The U. S. Supreme Court has reached a unanimous decision in Rodriguez v. FDIC
) to reverse an expansive interpretation of a long-standing common-law rule for determining where to distribute a tax refund in a consolidated group when no tax-sharing agreement is in place.
The decision reverses the 10th Circuit Court of Appeals decision, which had applied an expansive application of the so-called “Bob Richards
rule” to hold that the U.S. federal income tax refund to a U.S. consolidated group should be distributed to the member that generated the loss (in this case the FDIC acting as receiver for the bank subsidiary) and not the common parent (in this case the trustee for the bankruptcy estate of such corporation).
The Bob Richards
rule was the result of the 1973 holding in In re Bob Richards Chrysler-Plymouth Corp
(473 F.2d 262) in which the 9th Circuit crafted a common-law rule holding that, where there was no tax sharing agreement in place, the income tax refund would be distributed to the member that generated the loss.

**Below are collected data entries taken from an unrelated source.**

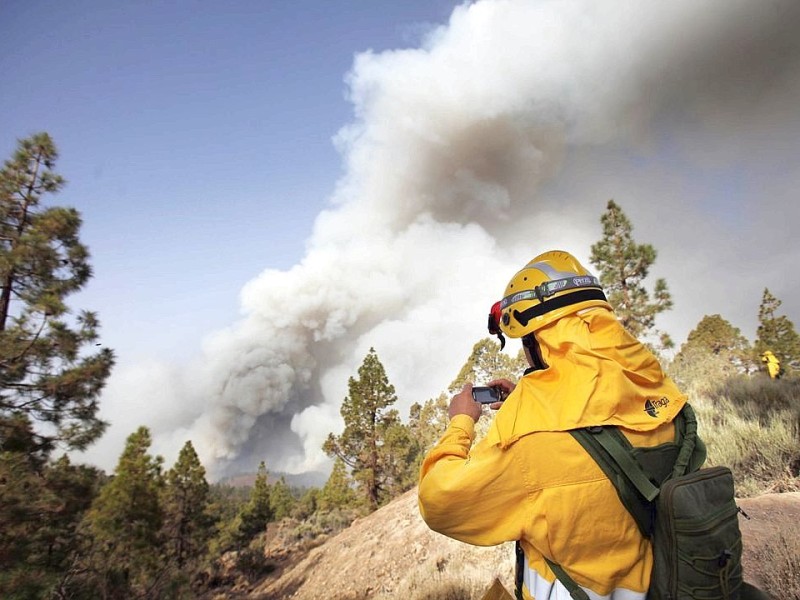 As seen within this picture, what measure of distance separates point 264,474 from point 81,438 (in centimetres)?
2698

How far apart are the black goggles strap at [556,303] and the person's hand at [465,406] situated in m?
0.43

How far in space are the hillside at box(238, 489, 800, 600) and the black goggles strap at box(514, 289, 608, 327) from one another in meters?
3.28

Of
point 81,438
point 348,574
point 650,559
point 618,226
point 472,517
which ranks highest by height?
point 618,226

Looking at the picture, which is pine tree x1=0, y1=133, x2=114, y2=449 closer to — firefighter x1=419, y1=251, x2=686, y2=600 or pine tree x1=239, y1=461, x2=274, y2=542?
firefighter x1=419, y1=251, x2=686, y2=600

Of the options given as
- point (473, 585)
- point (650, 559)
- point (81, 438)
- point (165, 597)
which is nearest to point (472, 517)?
point (650, 559)

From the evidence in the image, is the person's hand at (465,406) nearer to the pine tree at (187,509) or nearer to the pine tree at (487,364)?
the pine tree at (487,364)

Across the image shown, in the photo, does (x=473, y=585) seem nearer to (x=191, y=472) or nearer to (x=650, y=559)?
(x=650, y=559)

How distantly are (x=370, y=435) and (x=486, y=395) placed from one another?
21.6 m

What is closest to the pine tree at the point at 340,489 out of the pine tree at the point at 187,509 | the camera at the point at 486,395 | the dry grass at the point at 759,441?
the pine tree at the point at 187,509

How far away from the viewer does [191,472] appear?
77.7 ft

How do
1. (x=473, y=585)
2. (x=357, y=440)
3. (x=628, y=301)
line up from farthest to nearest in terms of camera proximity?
(x=357, y=440) < (x=628, y=301) < (x=473, y=585)

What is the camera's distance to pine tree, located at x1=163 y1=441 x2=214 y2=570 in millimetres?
22094

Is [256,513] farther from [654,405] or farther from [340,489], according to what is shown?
[654,405]

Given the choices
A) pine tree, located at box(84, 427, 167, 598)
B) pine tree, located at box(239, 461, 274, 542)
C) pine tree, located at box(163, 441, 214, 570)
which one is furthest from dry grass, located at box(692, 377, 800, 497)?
pine tree, located at box(239, 461, 274, 542) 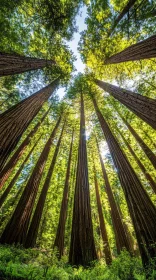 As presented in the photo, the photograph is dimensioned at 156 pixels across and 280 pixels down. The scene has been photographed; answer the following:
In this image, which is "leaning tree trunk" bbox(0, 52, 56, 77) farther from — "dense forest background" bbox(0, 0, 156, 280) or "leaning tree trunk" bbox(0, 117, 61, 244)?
"leaning tree trunk" bbox(0, 117, 61, 244)

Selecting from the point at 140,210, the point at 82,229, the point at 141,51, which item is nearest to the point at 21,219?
the point at 82,229

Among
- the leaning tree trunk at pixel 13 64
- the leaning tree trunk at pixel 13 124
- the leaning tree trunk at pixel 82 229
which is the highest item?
the leaning tree trunk at pixel 13 64

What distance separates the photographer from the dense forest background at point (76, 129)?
407 centimetres

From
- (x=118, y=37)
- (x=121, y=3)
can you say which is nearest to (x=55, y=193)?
(x=118, y=37)

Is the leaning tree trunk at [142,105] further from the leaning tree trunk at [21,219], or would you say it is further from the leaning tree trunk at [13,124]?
the leaning tree trunk at [21,219]

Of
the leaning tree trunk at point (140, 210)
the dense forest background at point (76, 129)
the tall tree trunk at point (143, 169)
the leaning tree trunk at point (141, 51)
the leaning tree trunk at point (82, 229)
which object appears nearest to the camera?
the leaning tree trunk at point (140, 210)

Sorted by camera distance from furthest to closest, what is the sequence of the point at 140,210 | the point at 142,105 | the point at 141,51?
the point at 141,51 → the point at 142,105 → the point at 140,210

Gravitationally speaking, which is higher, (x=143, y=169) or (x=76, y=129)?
(x=76, y=129)

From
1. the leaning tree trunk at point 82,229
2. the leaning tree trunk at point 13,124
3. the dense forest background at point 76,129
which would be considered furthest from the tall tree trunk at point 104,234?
the leaning tree trunk at point 13,124

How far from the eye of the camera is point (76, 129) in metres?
11.3

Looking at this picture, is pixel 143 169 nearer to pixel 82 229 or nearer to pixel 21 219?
pixel 82 229

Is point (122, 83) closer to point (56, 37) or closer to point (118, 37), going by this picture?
point (118, 37)

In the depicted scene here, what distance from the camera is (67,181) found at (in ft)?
31.5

Since then, the rule has been expanded by certain courts to apply even where there is a tax sharing agreement in place, but such agreement is not clear and unambiguous.
The Supreme Court held that the issue of how to distribute the federal income tax refund is not a matter for the narrow application of federal common law as the issue was not one where lawmaking is “necessary to protect uniquely federal interests.” Treasury regulations provide who the agent is who receives the income tax refund, but the Court held that at that point, the federal interest is terminated. The court held that the distribution of such refund is a matter for state law such as contract interpretation or equitable doctrines.